Celakanya, harga bahan bakar minyak (BBM) juga ikut terkerek karena pengaruh konflik geoplotik seperti perang Israel dengan Palestina. Tak ayal, distribusi logistik bahan bakar menjadi terhambat yang pada akhirnya mengerek harga jual BBM. Artinya, perusahaan kontraktor kembali mendapat tekanan seiring membengkaknya biaya energi tersebut.
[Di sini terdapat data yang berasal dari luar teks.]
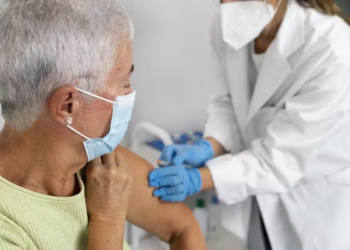 Por que a gripe é mais mortal em idosos? Estudo traça relação entre envelhecimento e risco de infecção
Tak cuma itu, Sutrisno bilang, makin tingginya impor pangan secara tidak langsung berpengaruh ke sektor konstruksi yang menggarap proyek-proyek konsumer. Impor pangan ini membuat harga pangan semakin mahal dan menggerus daya beli masyarakat. Akibatnya, masyarakat mengerem konsumsi, maka kinerja proyek-proyek sektor konsumenr juga terkontraksi menyusul melemahnya permintaan.

Merujuk Badan Pusat Statistik (BPS), nilai impor pada Mei 2024 mencapai US$ 19,40 miliar. Nilai ini meningkat 14,82% jika dibandingkan bulan sebelumnya yang mencapai US$ 16,90 miliar. Selain dipengaruhi nilai yang meningkat, impor juga meningkat karena volumenya yang meningkat. Volume impor pada Mei 2024 tercatat sebesar 19,2 juta kg, atau meningkat dari bulan sebelumnya yang sebesar 17,2 juta kg.

Di sisi lain, pelemahan nilai tukar rupiah terhadap dolar AS juga memberikan sentimen negatif pada kenaikan utang pemerintah dan swasta. Beban utang dari pemerintah dan swasta juga bisa meningkat, sehingga bisa memberi dampak juga ke sektor kontruksi dan infrastruktur. "Pelemahan rupiah membuat investasi dolar AS keluar, sehingga investasi asing di sektor konstruksi dan infrastuktur di dalam negeri ikut menurun," imbuh Sutrisno.